I ate a simple dinner. Drank water. Scrawled in my journal. Contemplated the simple joys of life. Set up my tarp and threw down my bag beneath brooding clouds, worried again about the chance of muddy roads. Things had gone splendidly up to this point.

Then I laid down to sleep and almost immediately got back up to vomit. Flu? Something I’d eaten? Maybe I’d ridden too hard? I’d definitely ridden hard, and needed to rest, refuel and re-hydrate. None of which I was able to do while feeling nauseous. And my water reserves were low, so wasting it by vomiting was disappointing.

I spent a long night of feeling sick, trying to sip water, and trying to sleep. Plus, despite the apparent desert all around me, there were mosquitoes. And I had neglected to bring along a head net. So I also had to wake up every few minutes to slap myself in the face. My eyes opened occasionally to track the moon’s slow course across the sky. Finally, finally, finally there was light in the eastern sky. I packed up and rode slowly, not much fuel in the tank.

I dragged myself over rough roads and slow miles back to my car. Plenty of water and food there, but I could only drink a little and still couldn't eat. And I couldn’t drive out until I’d retrieved my raft from the other side of the pond. A seemingly long quarter mile downstream through the prickly desert scrub there was a place where I could rock-hop the creek. On the other side, I followed very nice trails trough the riparian vegetation, which, though nice, were only about 2 feet high. Then a saw the trail makers, a pack of javelina, just doing their thing, snuffing and grubbing about. Until they caught wind of me. Then they huffed and pranced and dashed and finally scampered away.

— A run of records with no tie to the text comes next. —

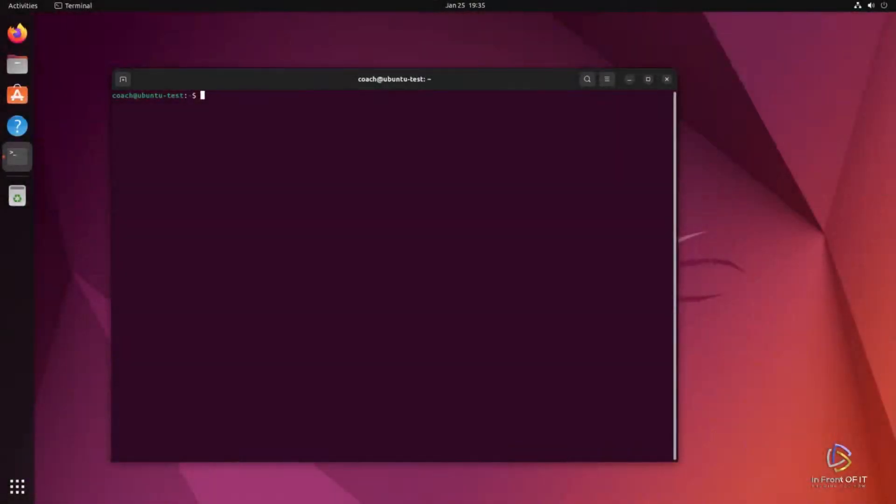This is Rick from Infront of IT. Welcome back. On this video, I'm going to show you how to install Docker on Ubuntu. So if you're in the IT industry or you want to get into it, you should definitely know what Docker is.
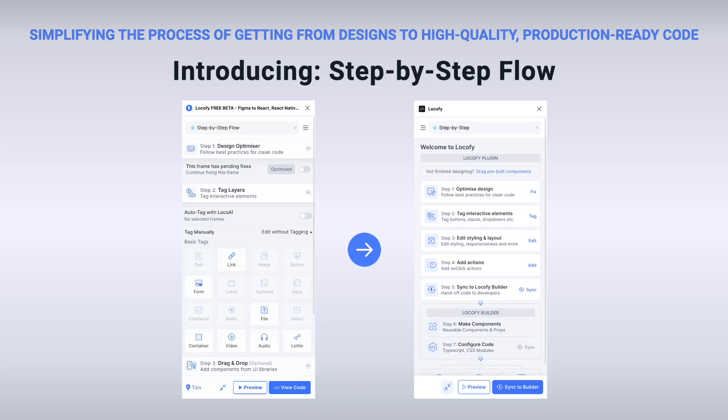Our brand new Step-by-Step Flow is a complete revamp of the existing Locofy plugin user experience. You now have a simple step-by-step interface that guides you through all of the steps necessary to produce high-quality, production-ready front-end code.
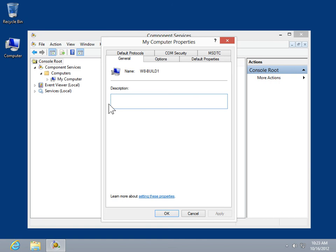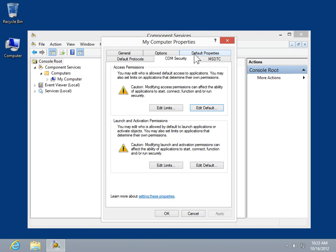In the Properties dialog box, click the COM Security tab. Under Access Permissions, click Edit Limits or Edit Default. To modify the computer-wide restriction policy, click Edit Limits. To modify the computer-wide default settings, click Edit Default.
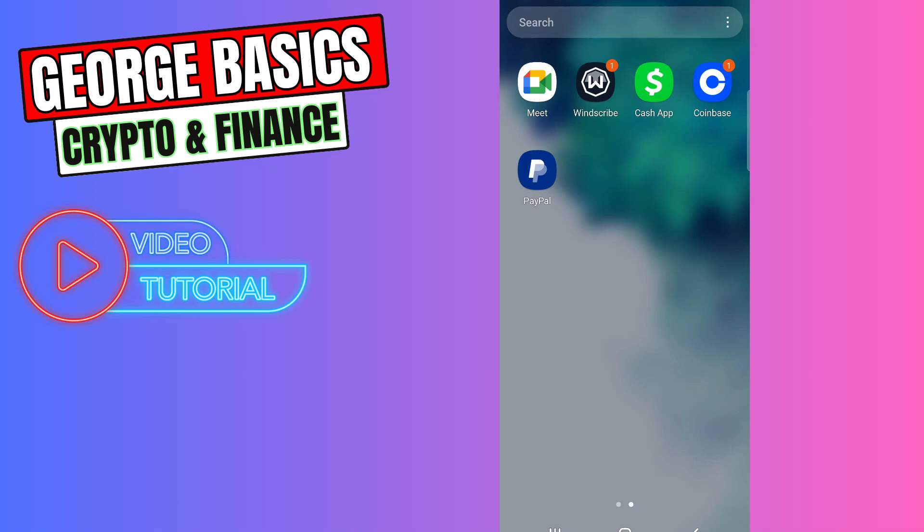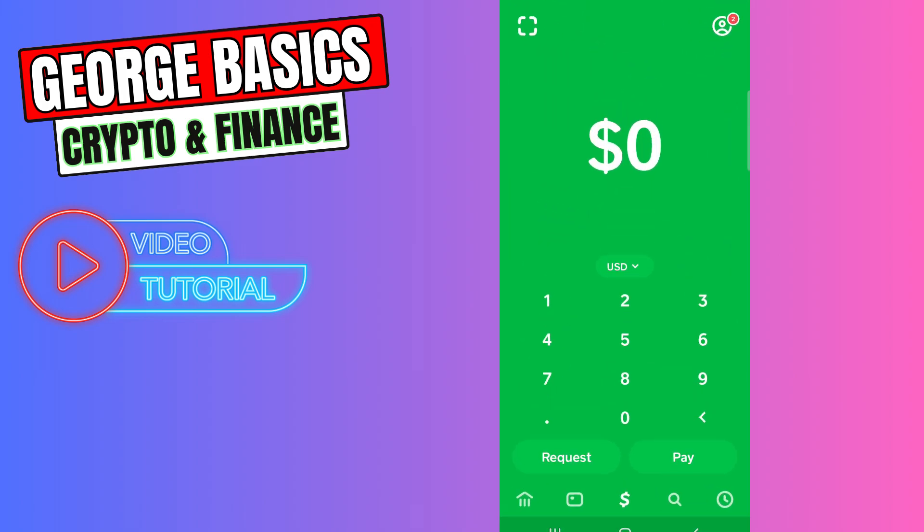Hello guys, welcome back to George Basics Crypto and Finance. In this tutorial, I will teach you how to change your address on Cash App. First of all, you need to open your Cash App.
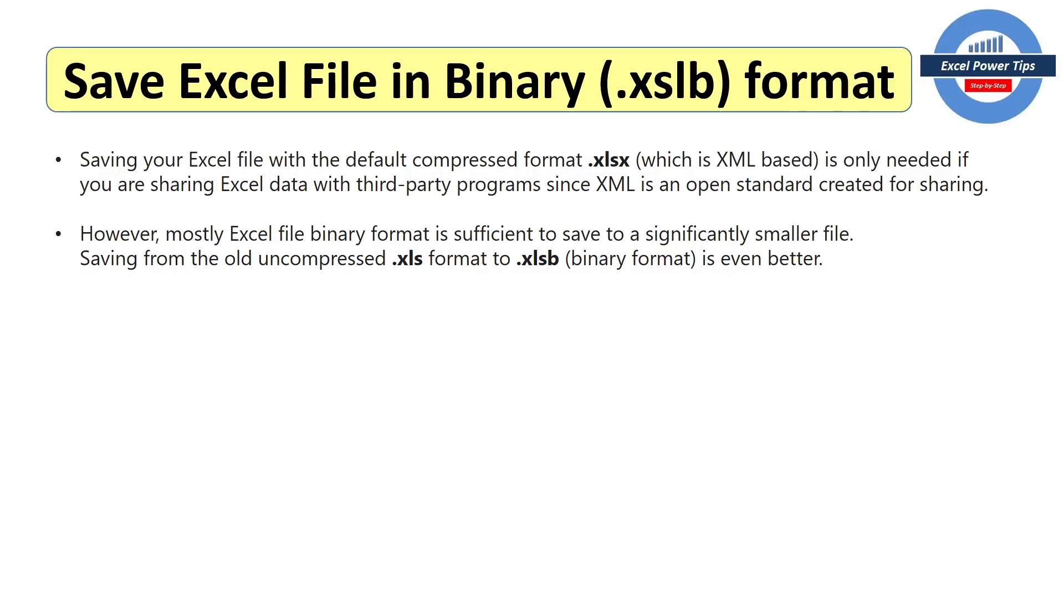In this video, I'm going to share with you top tips to significantly reduce your Excel file size.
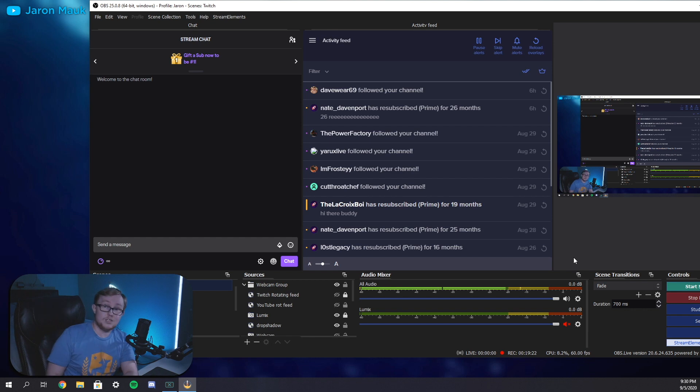And just like that, you have your rounded webcam ready to go. That's it. It's that simple. It is that easy to create a mask for your webcam in any shape you want. It doesn't just have to be a rounded rectangle. It could be a circle. It could be a triangle. It could be the cloud that we just did. It could be whatever you want. So get creative, have fun with it.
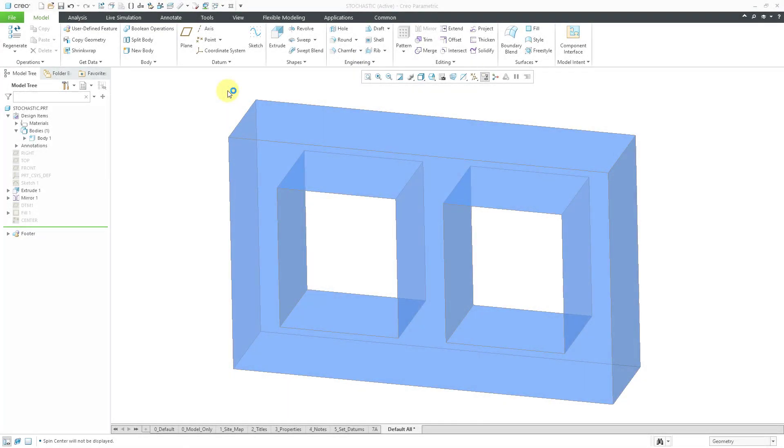In Creo Parametric, you can create lattices for additive manufacturing using a stochastic method. Stochastic means that it is based on a random probability distribution. The reason that you would want to use a randomly distributed structure for a lattice is that it's better under compression and shear loading versus regular beam-based lattices.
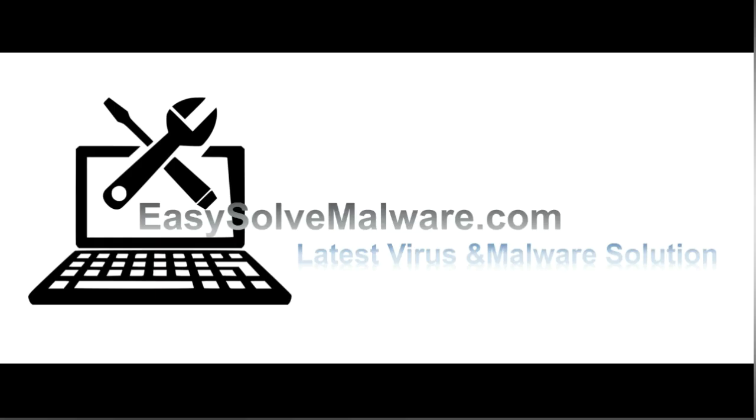That's all. Thank you watching the video from EasySoftMalware.com. We hope it solve your problem.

My rolled-up boat was where I left it. Unmolested by any humans, though I doubt any came anywhere near it. And un-chewed by wild animals, which had been a greater worry. I’d forgotten to bring the inflation bag, so it took a long, weary time to blow enough air into it and get it inflated. Then I paddled across.

End of the adventure. It was definitely something I probably needed. Despite the unfortunate nausea, it did satisfy the urge. But it is probably something that never needs to be done again. By anyone. Challenging riding at times, but not exactly fun. Not great scenery. An excellent sense of being way out there and of the possibility of making a mistake. But I’m not going to suggest that anyone else get out there and do it.